China’s expansionist thinking has been accompanied by an open repudiation of western values and democracy, and more authoritarianism and social control at home, with Xi arrogating all power to himself as a reincarnated Mao. China has built a technological surveillance society unprecedented in scope and scale, with a freedom-suppressing social credit system. Xi is now vaunting China’s political and economic system as superior to western-style democracy for meeting the needs of developing countries.
Externally, China, confident of its political and economic leverages and growing military strength, has begun to challenge US power in the western Pacific, violate the Law of the Sea in the South China Sea, and exacerbate territorial disputes with Japan, Vietnam, Indonesia, Philippines and Malaysia. As the world’s second-largest economy that offers a huge market, it has weaponised economic interdependence that globalisation has fostered by threatening countries that resist it politically with the refusal to buy their products or sanction them in other ways as it has done most recently with Australia, and earlier with Japan, South Korea and Mongolia.
Hostile gestures
China has relentlessly countered India strategically and undermined its vital interests. It opposes India’s permanent membership of the UN Security Council as well as NSG membership. It shields Pakistan on the issue of terrorism against India. It is pursuing the China-Pakistan Economic Corridor in full knowledge of its illegal status. It continues to make aggressive claims on Indian territory. It has shown no inclination to clarify the Line of Actual Control, much less move towards a settlement despite 22 meetings of the Special Representatives. It counters India’s influence in its neighbourhood, most notably in Nepal and Sri Lanka, and earlier in the Maldives. Its bid to inscribe the Kashmir issue on the UN Security Council agenda once again was exceedingly provocative. It has not tried to address seriously India’s unsustainable trade deficit with it. There is virtually nothing that India can put on the positive side of the bilateral ledger of its relations with China.
US-China relations, already filled with tension and in the throes of a trade war, have further nosedived after the coronavirus pandemic. Trump is seeking an independent probe into its genesis and accountability for China’s apparent lapses. The issue has got caught up in US electoral politics.
Time to resist
WHO’s role in handling the would-be pandemic has been legitimately questioned in the light of the pro-Chinese leanings of its Director-General. China has unleashed its “wolf-warrior” diplomacy to oppose any demand for an independent international probe and the restoration of Taiwan as an observer at the forthcoming meeting of the World Health Assembly (WHA). Chinese diplomats are showing their obnoxious face in openly threatening countries that support an international probe and in their sharp exchanges with the US.

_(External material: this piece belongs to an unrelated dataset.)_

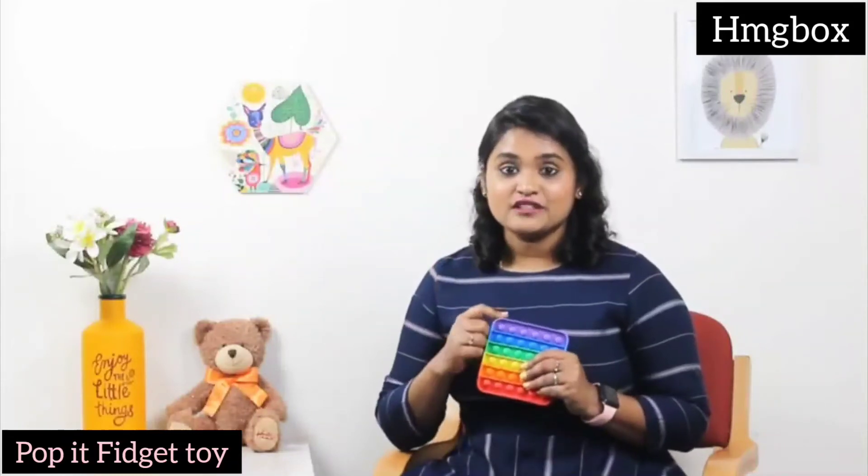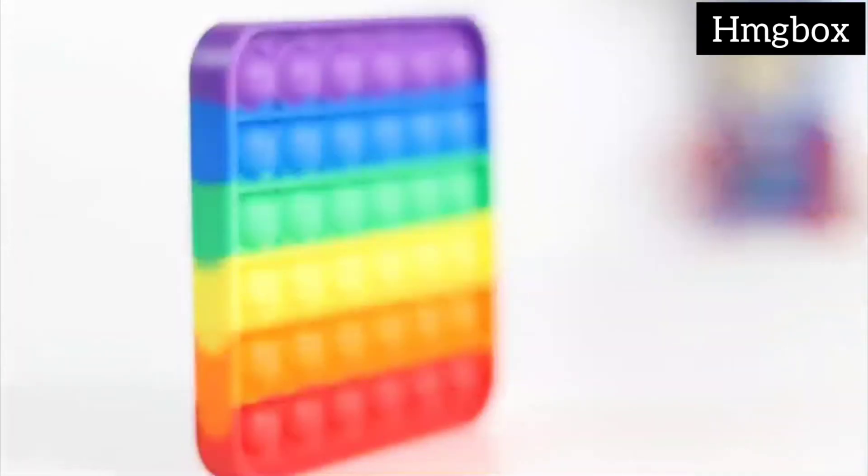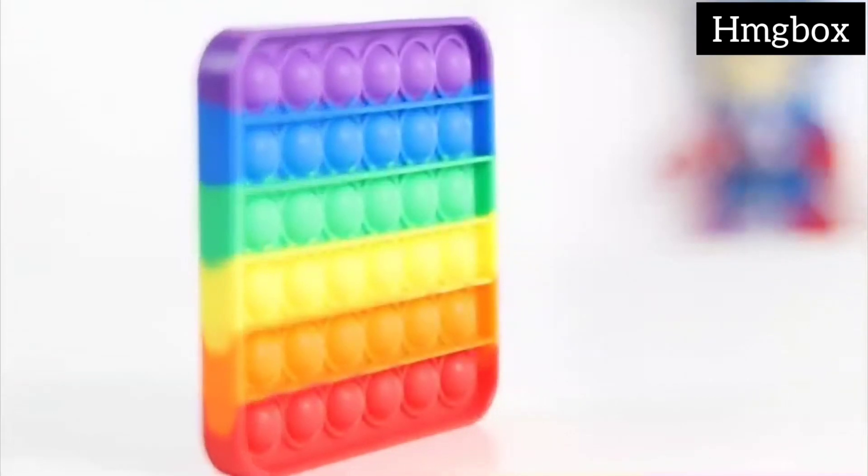This toy is great to relieve stress for your kids and bring their focus back to you. This rainbow colored toy is made of high quality silicone that is 100% eco-friendly and non-toxic.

China’s efforts to change the Covid-19 narrative in its favour despite its clear culpability and intimidate countries that seek transparency, if only to prevent such pandemics in the future, have to be resisted. If China succeeds in thwarting the US and others in this power tussle, it will further tilt the balance in China’s favour and will boost its geopolitical ascendancy.

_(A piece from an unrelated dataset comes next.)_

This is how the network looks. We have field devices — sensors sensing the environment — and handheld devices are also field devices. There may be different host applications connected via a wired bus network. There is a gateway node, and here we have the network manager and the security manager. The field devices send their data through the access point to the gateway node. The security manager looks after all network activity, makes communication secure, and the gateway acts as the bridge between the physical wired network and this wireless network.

China must be put in its place and now is the chance to do it. India should support the demand for an international probe into the origin of this virus in the interest of transparency. India too has suffered gravely. The restoration of Taiwan’s observer status at the WHA should also be supported. The One-China policy is not inscribed in the UN Charter and is not part of any international agreement. If China wants support for its territorial integrity it must not brazenly violate the territorial integrity of others. India has ceased to endorse the One-China policy in view of China’s aggressive position against India’s unity. It is a reflection of China’s unabashed hypocrisy when it seeks support for “One China” even as it makes territorial claims on others, occupies their land and violates their sovereignty.